Every line of the listing below from the one with "Cream hoodie with" up to and including the one with "Könnte beinhalten: Sieben" should be retyped exactly, and nothing else; pictures are not part of the copy.

### [RECORDS FOR THE EXERCISE]
*** Block opens ***

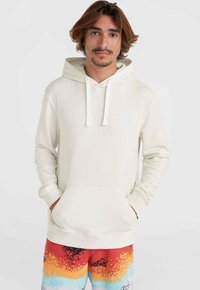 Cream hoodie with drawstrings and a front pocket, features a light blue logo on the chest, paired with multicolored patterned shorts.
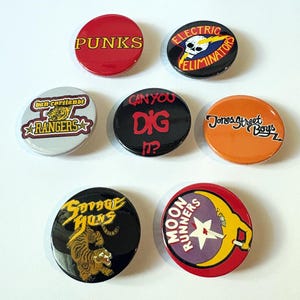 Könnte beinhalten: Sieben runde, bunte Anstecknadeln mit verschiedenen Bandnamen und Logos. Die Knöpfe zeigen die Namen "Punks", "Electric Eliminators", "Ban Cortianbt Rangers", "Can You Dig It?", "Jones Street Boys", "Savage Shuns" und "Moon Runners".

*** Block closes ***
*** Block opens ***

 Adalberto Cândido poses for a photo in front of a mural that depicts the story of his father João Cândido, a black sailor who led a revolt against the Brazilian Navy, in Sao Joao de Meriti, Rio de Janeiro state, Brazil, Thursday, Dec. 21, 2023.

*** Block closes ***
*** Block opens ***

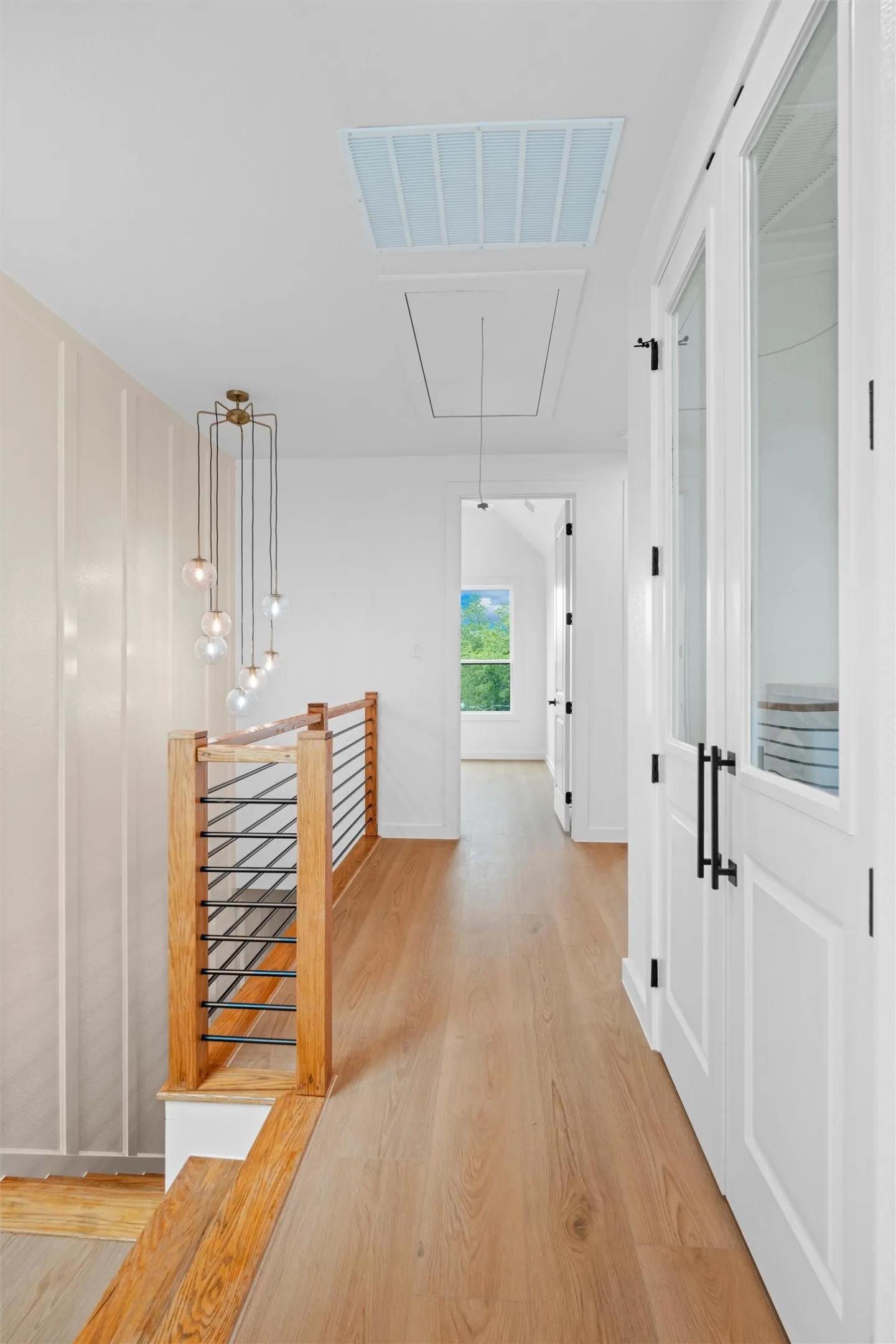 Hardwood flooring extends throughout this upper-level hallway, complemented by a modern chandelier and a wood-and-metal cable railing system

*** Block closes ***

### [ANSWER TO THE EXERCISE]
 Cream hoodie with drawstrings and a front pocket, features a light blue logo on the chest, paired with multicolored patterned shorts.
 Könnte beinhalten: Sieben runde, bunte Anstecknadeln mit verschiedenen Bandnamen und Logos. Die Knöpfe zeigen die Namen "Punks", "Electric Eliminators", "Ban Cortianbt Rangers", "Can You Dig It?", "Jones Street Boys", "Savage Shuns" und "Moon Runners".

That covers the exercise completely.